By Jonny Lupsha, Wondrium Staff Writer
A study looking back a million years warns of severe upcoming monsoon seasons. Predictive data used in the study is based on core samples of mud drilled from the northern Indian Ocean. Monsoons are powerful seasonal winds that bring heavy rain.
South Asia is home to the biggest monsoon system on Earth. Every year, harsh seasonal winds bring torrential rainfall to the area, including up to 425 inches of rain in certain parts of India alone—which is more than 13 times the average annual rainfall in the United States. According to a new study that drilled core samples of mud from the Bay of Bengal, climate change is about to make monsoon season get worse.
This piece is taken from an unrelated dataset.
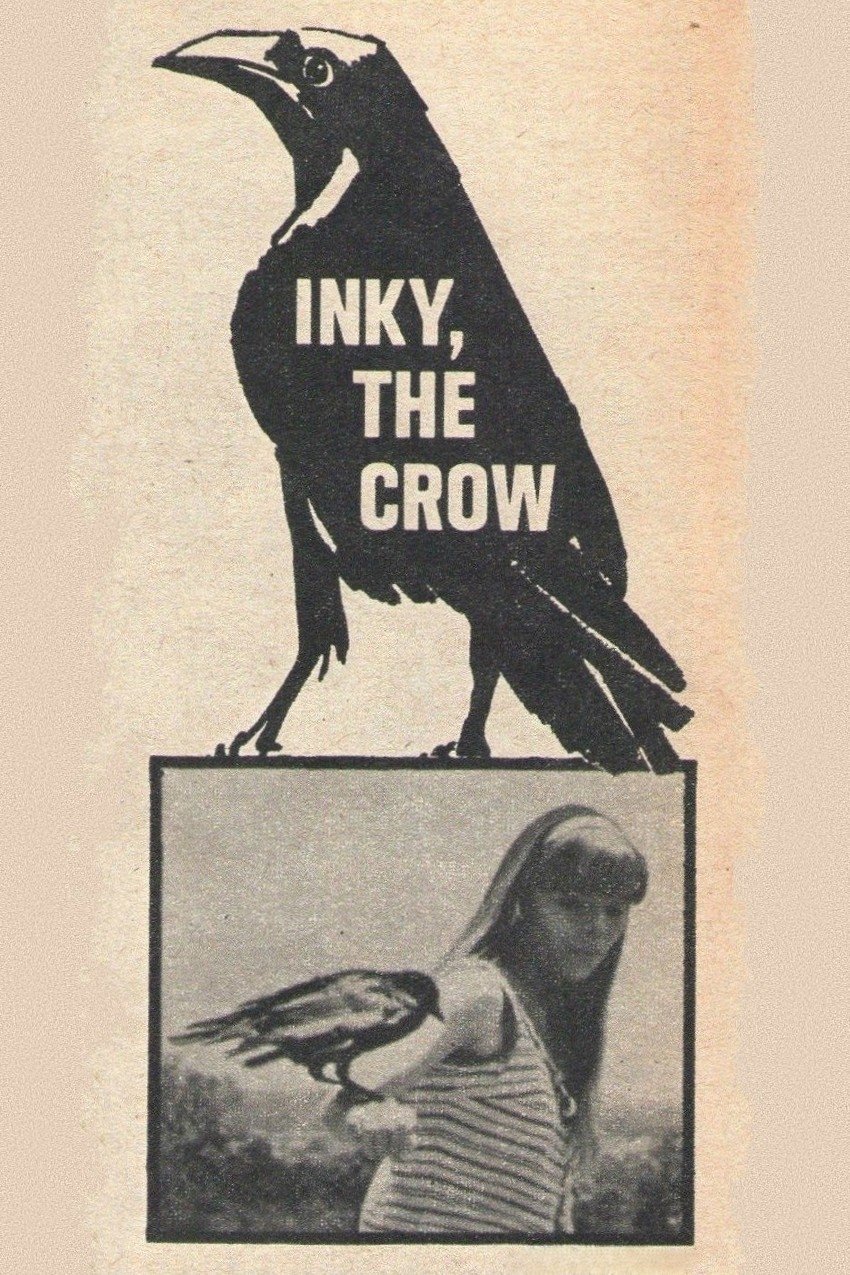 Poster de Inky, the Crow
Where do monsoons come from? In his video series Oceanography: Exploring Earth’s Final Wilderness, Dr. Harold J. Tobin, Professor in the Department of Earth and Space Sciences at the University of Washington in Seattle, said monsoons are almost like a macrocosm of daily coastal breezes.
Day In, Night Out
Dr. Tobin said that there’s a differential amount of temperature change in the land and in the sea in coastal areas, even though the same amount of sunlight is hitting them. This is due to the composition of soil versus sea water, among other things, leading to the land heating up more than the water and that hot air rising, which pulls in cooler sea air to replace it.
“At night, the whole process reverses itself,” Dr. Tobin said. “The sea is warm; the cool air sinks off of the land, flows down off the land, and moves back out to sea and flows out over the ocean where that cool, relatively dry air that’s come from the land interacts with the warm air from over the ocean, which then is rising offshore and putting the water vapor in the atmosphere that ultimately turns back into fog for the next day.”
If we adjust our scope to seasonal instead of daily, he said, nearly the same thing happens with monsoons.
According to Dr. Tobin, the Himalayas are a region of both high altitude and large land area. In the summer, the Sun warms up areas of land, causing air to flow upward over India and over the mountains, rising high into the atmosphere.
“That rising warm air from the land is drawing in air from offshore,” he said. “Now, the ocean offshore in this subtropical region is relatively warm and certainly very moist—it carries a lot of water vapor. It’s being pulled in and then rising up the mountain front where it’s expanding, due to the decrease in pressure as you go to higher elevation, and dumping those torrential rainfalls.”
Much like the nighttime turnaround for coastal breezes, the winter tells a very different story for monsoons. As the landscape becomes cooler, Dr. Tobin said, the ocean is still retaining warmth, so the rising air over the ocean carries everything back out. The air flow essentially reverses.
“Dry winters happen as dry air sinks off the Himalayan Mountains and the Tibetan plateau,” Dr. Tobin said. “The whole monsoon season then just varies back and forth, but [is] essentially the exact same process of differential thermal inertia between the water and the landscape.”